Bayswater Road, W2

Like Oxford Street to the east, Bayswater Road follows the course of the old Roman road linking London with Silchester.

The eastern end of Bayswater Road starts at the Marble Arch junction, and in the west continues into Notting Hill Gate. It is mostly within the City of Westminster but a small portion of the road’s western end lies in Kensington and Chelsea.

By 1828, the main road (then known as Uxbridge Road) facing Kensington Gardens, had been built up between St Petersburg Place and Porchester Terrace.

The area at the bottom of Queensway (1829)

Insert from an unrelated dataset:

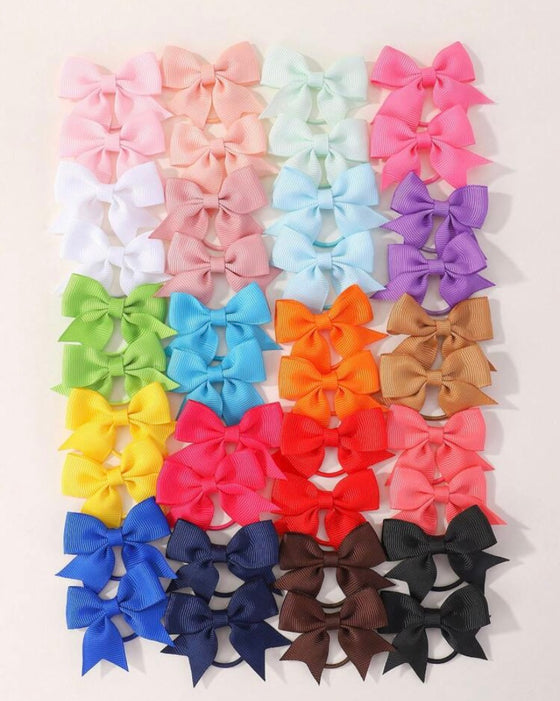 40pcs Girls Bow Decor Hair Tie For Daily Life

Along the west side of Black Lion Lane (later known as Queensway), there were houses as far as the corner of Moscow Road and more spacious villas, at first called Westbourne Terrace, further north almost reaching Pickering Place at the southern end of Westbourne Green. The east side of Black Lion Lane was still open, apart from a few large houses at the Uxbridge Road end.

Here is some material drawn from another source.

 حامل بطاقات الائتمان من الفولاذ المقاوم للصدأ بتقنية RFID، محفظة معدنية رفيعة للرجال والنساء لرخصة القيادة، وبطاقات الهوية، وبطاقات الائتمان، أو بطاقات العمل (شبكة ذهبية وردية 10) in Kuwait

A lot of this development was due to the tollbooth at the junction of Black Lion Lane and the Uxbridge/Bayswater Road, attracting the business of horse-drawn traffic waiting to pay the toll and deciding to refresh at the various inns and shops there.

Villas lined Porchester Terrace only as far as the corner of Craven Hill, which itself had cottages only on the north side. Fields survived along the Uxbridge Road from St. Agnes Villas to Bayard’s Watering Place, whence Elm Lane led northward, with some houses between it and the stream, along the line of the later Craven Terrace to the east end of Craven Hill.

By 1830, the area around Black Lion Lane was known as Bayswater.

In 1862 a ’great and aristocratic town’ had grown up, faster than all other suburbs, during the previous ten years. Houses were said to be better built and sited than before and, being near Kensington Gardens, to have a decided edge over “the solemn and obnubilated grandeur of the ill drained Belgravian flats”.

Building covered the whole of Bayswater by 1865, helped by the arrival of the Metropolitan District Railway at Bayswater station (on Queensway) that decade.

Wealthy residents, who were quick to arrive, already in 1862 ranged from East India merchants to people who had moved from formerly more fashionable quarters. In 1885, Bayswater was nicknamed Asia Minor. Indian fruits and vegetables were on sale in local shops for former military and administrative professionals who had lived in the subcontinent. Other people which found themselves here late in the nineteenth century were a Jewish population and Greeks.

The fictional upper-middle class Forsyte family live in John Galsworthy’s The Forsyte Saga lived on the Bayswater Road.

Flat began to appear in place of houses during the twentieth century and by the 1960s, hotels were moving in.

Since the 1980s Bayswater has been the focus of a wave of settlement by people from the Middle East spreading from the southern end of the Edgware Road.

On Sunday mornings, over one hundred artists display their original works of art on the edge of Hyde Park close to the Italian Gardens.